## [WHAT THIS TASK INVOLVES]
Print the data that follows without changing a single word.

## [RECORDS TO USE]
⁂
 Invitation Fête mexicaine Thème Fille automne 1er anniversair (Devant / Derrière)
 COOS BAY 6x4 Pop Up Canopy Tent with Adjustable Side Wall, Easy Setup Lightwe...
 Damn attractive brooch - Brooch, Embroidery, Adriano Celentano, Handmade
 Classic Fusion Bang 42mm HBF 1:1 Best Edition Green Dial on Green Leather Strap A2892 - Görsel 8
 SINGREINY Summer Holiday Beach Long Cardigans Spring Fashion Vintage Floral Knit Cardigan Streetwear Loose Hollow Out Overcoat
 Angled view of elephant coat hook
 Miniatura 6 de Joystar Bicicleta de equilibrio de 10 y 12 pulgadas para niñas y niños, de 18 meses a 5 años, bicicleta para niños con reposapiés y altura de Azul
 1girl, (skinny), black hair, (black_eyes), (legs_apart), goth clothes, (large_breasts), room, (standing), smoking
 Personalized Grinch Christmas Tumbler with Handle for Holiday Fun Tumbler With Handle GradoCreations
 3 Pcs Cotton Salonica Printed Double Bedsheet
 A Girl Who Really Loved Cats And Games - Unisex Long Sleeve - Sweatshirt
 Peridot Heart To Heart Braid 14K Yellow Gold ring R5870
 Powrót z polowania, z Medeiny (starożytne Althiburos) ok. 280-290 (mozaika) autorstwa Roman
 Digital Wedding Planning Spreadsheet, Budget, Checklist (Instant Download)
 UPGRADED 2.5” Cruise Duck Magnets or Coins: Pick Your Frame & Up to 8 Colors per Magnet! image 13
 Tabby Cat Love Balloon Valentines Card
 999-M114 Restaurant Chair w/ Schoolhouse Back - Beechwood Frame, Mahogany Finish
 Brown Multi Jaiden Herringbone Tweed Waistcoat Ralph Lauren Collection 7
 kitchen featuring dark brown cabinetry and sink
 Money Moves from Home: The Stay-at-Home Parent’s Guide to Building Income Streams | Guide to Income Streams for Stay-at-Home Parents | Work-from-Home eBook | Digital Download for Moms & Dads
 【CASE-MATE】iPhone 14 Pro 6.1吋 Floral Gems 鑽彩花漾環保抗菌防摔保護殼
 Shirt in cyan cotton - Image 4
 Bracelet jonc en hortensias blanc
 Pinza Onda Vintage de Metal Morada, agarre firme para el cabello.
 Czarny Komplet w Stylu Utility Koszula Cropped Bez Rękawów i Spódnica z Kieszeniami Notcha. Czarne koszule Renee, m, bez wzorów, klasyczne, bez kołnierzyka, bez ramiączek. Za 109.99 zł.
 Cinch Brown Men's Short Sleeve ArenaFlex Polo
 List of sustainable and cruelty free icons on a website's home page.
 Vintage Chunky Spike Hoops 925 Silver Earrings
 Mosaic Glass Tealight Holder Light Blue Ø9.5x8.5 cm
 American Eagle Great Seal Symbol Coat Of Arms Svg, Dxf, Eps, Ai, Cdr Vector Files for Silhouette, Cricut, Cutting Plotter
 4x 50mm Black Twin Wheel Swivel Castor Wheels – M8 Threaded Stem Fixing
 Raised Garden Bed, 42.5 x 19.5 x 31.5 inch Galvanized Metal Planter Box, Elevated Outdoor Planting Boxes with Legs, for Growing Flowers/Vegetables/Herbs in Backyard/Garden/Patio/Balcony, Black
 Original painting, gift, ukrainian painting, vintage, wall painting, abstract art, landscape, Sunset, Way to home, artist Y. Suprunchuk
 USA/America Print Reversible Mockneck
⁂
## [WRITTEN ANSWER]
 Invitation Fête mexicaine Thème Fille automne 1er anniversair (Devant / Derrière)
 COOS BAY 6x4 Pop Up Canopy Tent with Adjustable Side Wall, Easy Setup Lightwe...
 Damn attractive brooch - Brooch, Embroidery, Adriano Celentano, Handmade
 Classic Fusion Bang 42mm HBF 1:1 Best Edition Green Dial on Green Leather Strap A2892 - Görsel 8
 SINGREINY Summer Holiday Beach Long Cardigans Spring Fashion Vintage Floral Knit Cardigan Streetwear Loose Hollow Out Overcoat
 Angled view of elephant coat hook
 Miniatura 6 de Joystar Bicicleta de equilibrio de 10 y 12 pulgadas para niñas y niños, de 18 meses a 5 años, bicicleta para niños con reposapiés y altura de Azul
 1girl, (skinny), black hair, (black_eyes), (legs_apart), goth clothes, (large_breasts), room, (standing), smoking
 Personalized Grinch Christmas Tumbler with Handle for Holiday Fun Tumbler With Handle GradoCreations
 3 Pcs Cotton Salonica Printed Double Bedsheet
 A Girl Who Really Loved Cats And Games - Unisex Long Sleeve - Sweatshirt
 Peridot Heart To Heart Braid 14K Yellow Gold ring R5870
 Powrót z polowania, z Medeiny (starożytne Althiburos) ok. 280-290 (mozaika) autorstwa Roman
 Digital Wedding Planning Spreadsheet, Budget, Checklist (Instant Download)
 UPGRADED 2.5” Cruise Duck Magnets or Coins: Pick Your Frame & Up to 8 Colors per Magnet! image 13
 Tabby Cat Love Balloon Valentines Card
 999-M114 Restaurant Chair w/ Schoolhouse Back - Beechwood Frame, Mahogany Finish
 Brown Multi Jaiden Herringbone Tweed Waistcoat Ralph Lauren Collection 7
 kitchen featuring dark brown cabinetry and sink
 Money Moves from Home: The Stay-at-Home Parent’s Guide to Building Income Streams | Guide to Income Streams for Stay-at-Home Parents | Work-from-Home eBook | Digital Download for Moms & Dads
 【CASE-MATE】iPhone 14 Pro 6.1吋 Floral Gems 鑽彩花漾環保抗菌防摔保護殼
 Shirt in cyan cotton - Image 4
 Bracelet jonc en hortensias blanc
 Pinza Onda Vintage de Metal Morada, agarre firme para el cabello.
 Czarny Komplet w Stylu Utility Koszula Cropped Bez Rękawów i Spódnica z Kieszeniami Notcha. Czarne koszule Renee, m, bez wzorów, klasyczne, bez kołnierzyka, bez ramiączek. Za 109.99 zł.
 Cinch Brown Men's Short Sleeve ArenaFlex Polo
 List of sustainable and cruelty free icons on a website's home page.
 Vintage Chunky Spike Hoops 925 Silver Earrings
 Mosaic Glass Tealight Holder Light Blue Ø9.5x8.5 cm
 American Eagle Great Seal Symbol Coat Of Arms Svg, Dxf, Eps, Ai, Cdr Vector Files for Silhouette, Cricut, Cutting Plotter
 4x 50mm Black Twin Wheel Swivel Castor Wheels – M8 Threaded Stem Fixing
 Raised Garden Bed, 42.5 x 19.5 x 31.5 inch Galvanized Metal Planter Box, Elevated Outdoor Planting Boxes with Legs, for Growing Flowers/Vegetables/Herbs in Backyard/Garden/Patio/Balcony, Black
 Original painting, gift, ukrainian painting, vintage, wall painting, abstract art, landscape, Sunset, Way to home, artist Y. Suprunchuk
 USA/America Print Reversible Mockneck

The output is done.